Von der Leyen et l'UE sont également impliquées - son nom a été mentionné trois fois dans le discours "New Washington Consensus" de Jake Sullivan, qui vise à inverser toute la tendance politique depuis les années Reagan - d'un retour au protectionnisme à l'intervention du gouvernement central en passant par soutenir les politiques industrielles, à des investissements audacieux dans le renforcement des capacités, la « résilience » et la réappropriation des chaînes d'approvisionnement internes.

Cependant, ce n'est pas un véritable concept de réforme de l'économie américaine - même s'il est présenté comme tel. Une véritable réforme nécessiterait un changement structurel massif. Il s'agit de rééquilibrer l'économie pour une éventuelle guerre conventionnelle avec la Chine. (Une leçon à tirer du conflit en Ukraine est que la capacité industrielle est importante). C'est aussi probablement une excuse pour des dépenses fiscales plus élevées (impression d'argent) à l'approche des élections de 2024.

Il est inévitable que ceux de l'UE alliés aux « Verts » allemands et à von der Leyen iront en extase. Les responsables à Bruxelles ont parlé du « ticket Biden-Von der Leyen » (comme si elle était une candidate à la vice-présidence américaine sur le « ticket » des démocrates !)

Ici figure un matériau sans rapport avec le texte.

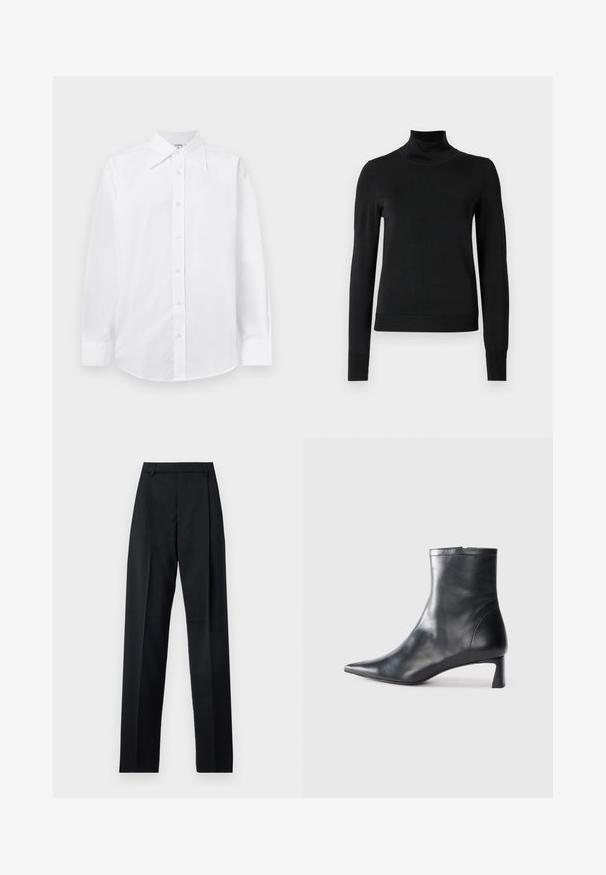 Black long-sleeve turtleneck sweater with ribbed cuffs and hem, displayed on a plain white background.; White fitted shirt with long sleeves, a classic pointed collar, and button front closure. Made of smooth, lightweight fabric.; Black trousers made from smooth fabric featuring a high waist, wide legs, front pleats, and classic belt loops. No side pockets visible.; Black leather ankle boot with a pointed toe and a sleek design. Features a low heel and a zipper closure at the back. Smooth texture.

Que pensez-vous de ces changements ? Pour réitérer, Biden est dans une impasse et son équipe nage. Il est très prématuré pour la Maison Blanche d'appeler l'Ukraine "mission accomplie" - mais que peuvent-ils faire d'autre ? La guerre avec la Chine ne sera pas seulement avec la Chine, mais probablement aussi avec la Russie. C'était certainement l'essence de la visite de quatre jours du ministre chinois de la Défense à Moscou (y compris un face-à-face avec Poutine). Le message était assez clair : la Chine et la Russie « se serrent la main militairement ». Cela signifie un changement de paradigme stratégique qui pourrait forcer les États-Unis à reconsidérer leur ligne de conduite – ou non.